Dziękujemy za życzenia
n015.gif
n015.gif
n015.gif

Wielkie buziaki dla Laury i Amelki!!!

aż chce mi się cokolwiek robić w domu:happy2:
Przejdzie Ci :-D No i wielkie gratulacje!!! Widać, że Misiek po prostu już był gotów, wystarczył mały bodziec :-)
A drzemki dzienne też jeszcze mogą się wyregulować - u nas tak było :tak:

Sorga nie na darmo mówi się "dziecko albo czyste, albo szczęśliwe" ;-)

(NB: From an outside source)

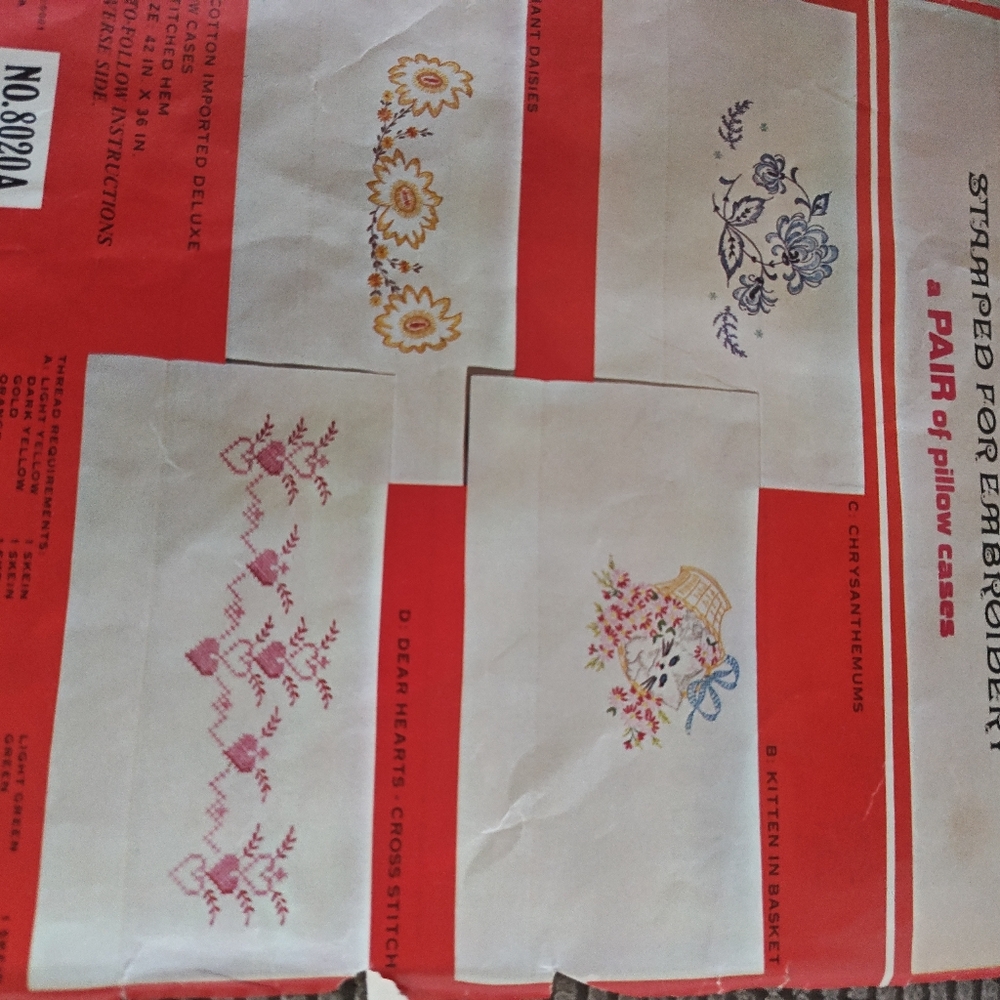 VINTAGE Embroidery Set/Pillowcases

anni z grzybem/pleśnią nie ma żartów :no: Mam alergię na to cholerstwo i gdy mieszkaliśmy z nieusuwalnym grzybem, to pogorszyła mi się astma. Warto popracować nad usunięciem paskudztwa :tak:

Gingeros ja kupiłam 2 komplety ochraniaczy, żeby zabezpieczyć całe łóżeczko, a trafił mi się model stacjonarny - budzi się dokładnie tam, gdzie usnął. I pomiędzy też tam jest :-D

Emmila no trzymam kciuki, żebyś się zdecydowała - niesamowita poprawa jakości życia :tak:

Dzisiaj pobiłam rekord spacerowania - 2h15min!!! Młody usnął po 1,5 na jakieś 20min. Ale był całkiem grzeczny - bardziej postawiona spacerówka, lżejsza kurteczka, chwytne łapki zahaczone o zabawkę i dało się żyć :-D
 
a zepsuta jesteś?;-) mi pomogły podjąć decyzję te dwie "szalone" noce:baffled: dzisiejsze drzemki pod względem długości nie były rewelacyjne (po ok 40 min) ale za to zasypianie samodzielne i to nawet u teściów:tak: czego najbardziej się obawiałam:sorry2:
Jestem zepsuta w sensie rozpieściłam Laurę i nie wyobrażam sobie nie dać jej mleczka w nocy gdy płacze. Raz spróbowałam i dałam wodę ale po zakrztuszeniu się i płaczu od razu poleciałam po mleczko.
Właśnie przeczytałam "Uśnij wreszcie" i nie wiem czy dam radę zastosować tą metodę. U nas nie tyle jest problem z zasypianiem co z częstym budzeniem się w nocy, Teraz co 3 godziny, a jeszcze niedawno co 1 - 1,5. Dziewczyny które stosowały tą metodę kiedy ostatni raz karmicie dzieci tuż przed snem czy zaraz po kąpieli, jak to u was wygląda? I czy od razu nie dawałyście nic do jedzenia w nocy czy stopniowo najpier wodę a potem nic?
 
Kotku ja początkowo karmiłam jeszcze o 2 w nocy - ale Piotruś sam z tego zrezygnował. I żadnej wody nie podawałam.
Natomiast ostatnie karmienie mamy tuż po kąpieli, tuż przed snem ;-)
Zbierz się do tego - naprawdę warto. Wyspana mama ma znacznie więcej siły i inwencji :tak:
 
reklama
Dzięki Esiu:-)Kurcze Piotruś na prawdę przesypia teraz 12 godzin? Własnie chciałam odczekać 3 minutki (poprzednio odczekałam 1) ale mąż poleciał i jeszcze wziął na ręce i stał z Laurą przy lustrze:angry:. I jak tu cokolwiek zmieniać? Cholera nie wiem co sie dzieje co chwilę budzi sie z płaczem mimo że dopiero co zjadła.
Acha i jak wygląda u was sprawa ze zmianą pieluszek? Zmieniacie w ciągu nocy? Ja jak nie zmienię to zawsze rano jedna strona ubrania jest obsiusiana, a bardzo często przy zmianie pieluszki Laura się budzi.